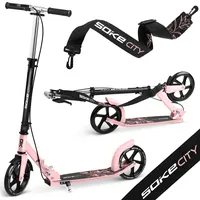 Soke City-Scooter große Faltbare Fuß- und rosa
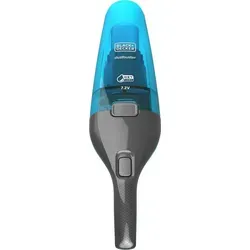 Black & Decker WDC215WA Handstaubsauger Blau, Titan - Beutelloser Handstaubsauger mit nur 670 g, ideal für schnelle Reinigungen und müheloses Handling.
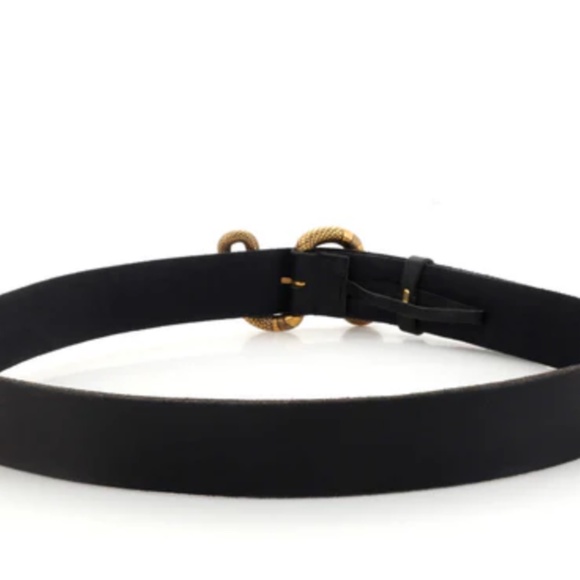Gucci Snake Buckle Leather Belt Unisex - Picture 7 of 7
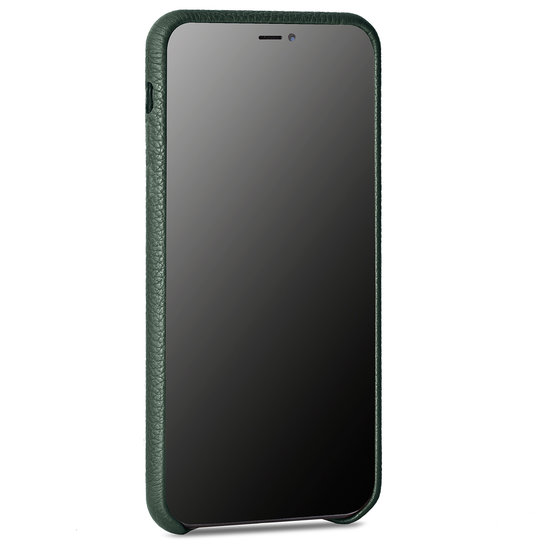 Woolnut Leather case iPhone 11 Pro Max hoes Groen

WHAT IS EXPECTED: Reproduce the material word for word, pictures excluded.

EXPECTED OUTPUT:
 Soke City-Scooter große Faltbare Fuß- und rosa
 Black & Decker WDC215WA Handstaubsauger Blau, Titan - Beutelloser Handstaubsauger mit nur 670 g, ideal für schnelle Reinigungen und müheloses Handling.
Gucci Snake Buckle Leather Belt Unisex - Picture 7 of 7
 Woolnut Leather case iPhone 11 Pro Max hoes Groen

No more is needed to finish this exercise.